Go to the line holding "2021 KIA RIO LX/S - 3KPA24AD9ME395087" in the data below. Return it and each line after it through the last, exactly, and skip the pictures.

----- ENTRIES PROVIDED -----

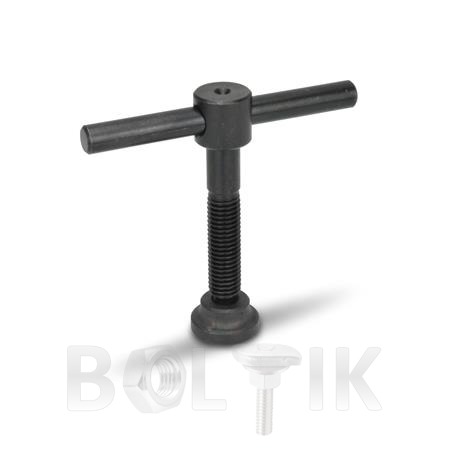 DIN 6304 Воротковий гвинт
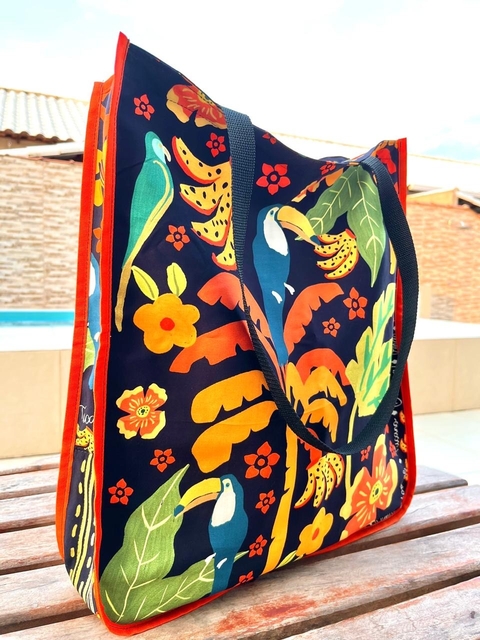 Max Bag - Estampa coral - comprar online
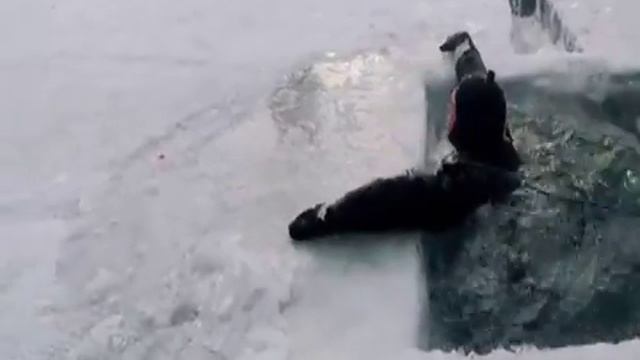 Готовимся к ледоставу смотреть онлайн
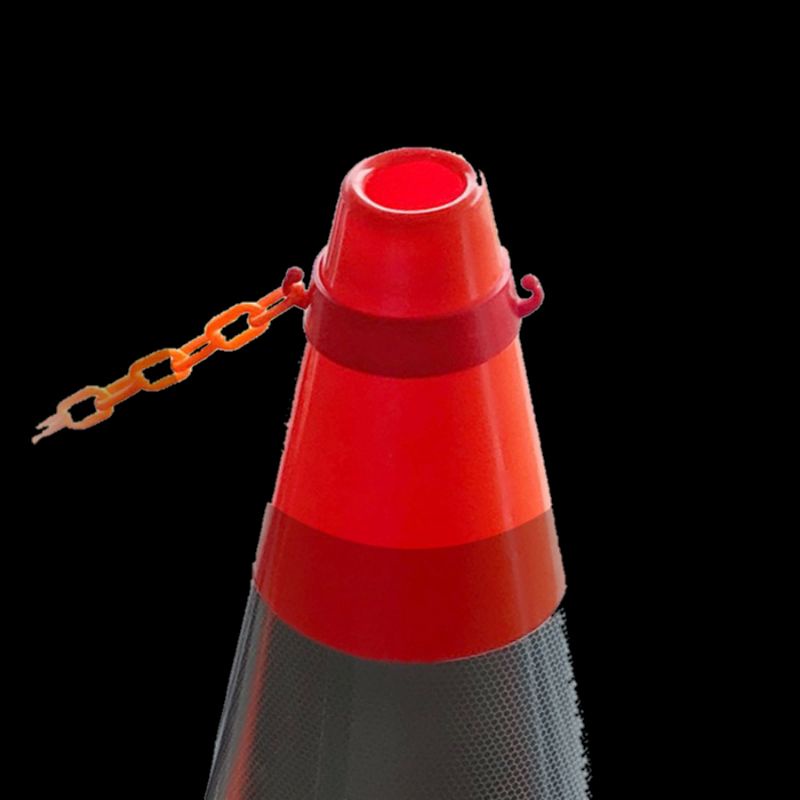 PENGAIT CONE ring cone Safety kaitan rantai pengaman jalan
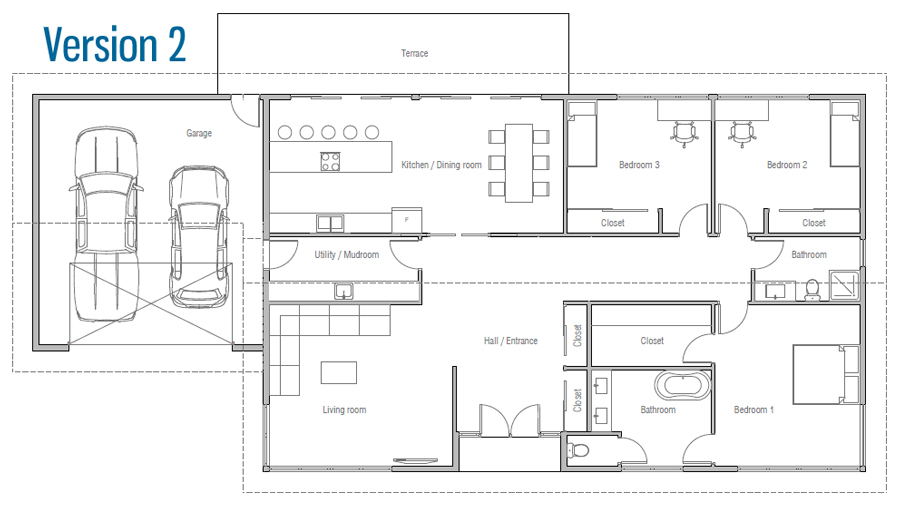 house design small-house-plan-ch476 30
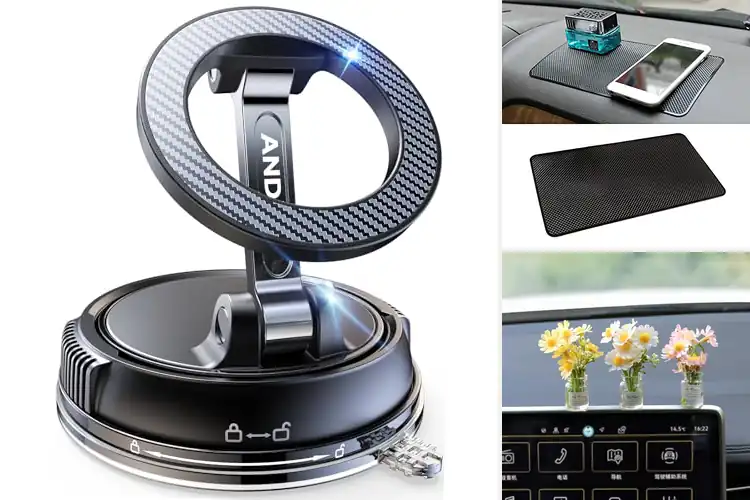 Detailed view of Best Car Dashboard Accessories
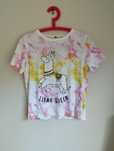 T-shirt kolorowa lama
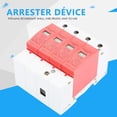 thumbnail image 1 of Protector Contra Sobretensions Domémico 4P 40-80ka, Montaje en Carril Din, Dispositivo Descargador de Bajo Voltaje, Carcasa Retardante de Llama para Proteción del Eléctrico, 1 of 7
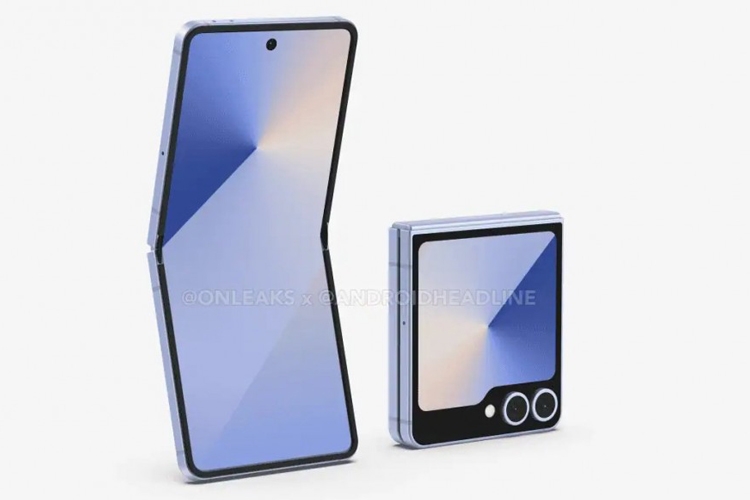 Samsung Galaxy Z Flip7 lộ diện qua bản render CAD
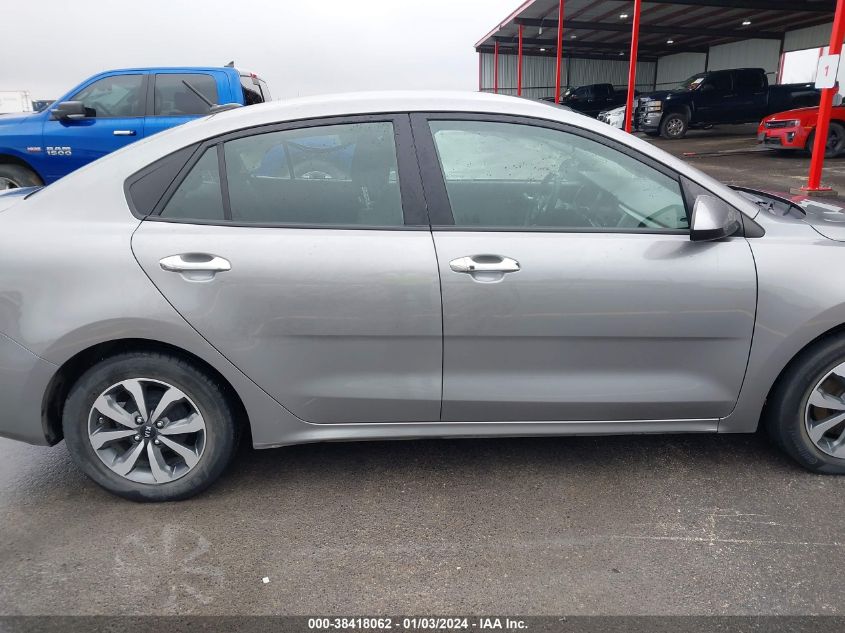 2021 KIA RIO LX/S - 3KPA24AD9ME395087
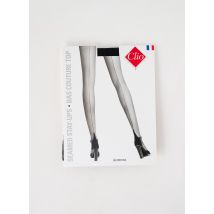 CLIO - Bas noir en polyamide - Femme - Taille 1 - Modz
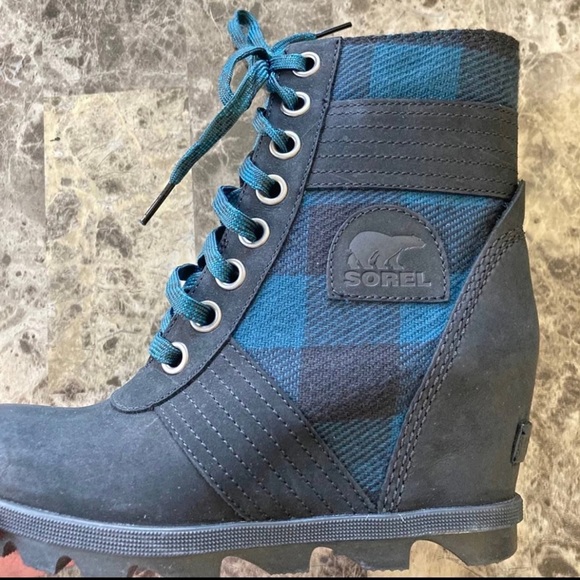 SOLD!!Sorel Rain and snow very nice confortable waterproof lace-up - Picture 5 of 9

-----

EXPECTED ANSWER:
 2021 KIA RIO LX/S - 3KPA24AD9ME395087
 CLIO - Bas noir en polyamide - Femme - Taille 1 - Modz
 SOLD!!Sorel Rain and snow very nice confortable waterproof lace-up - Picture 5 of 9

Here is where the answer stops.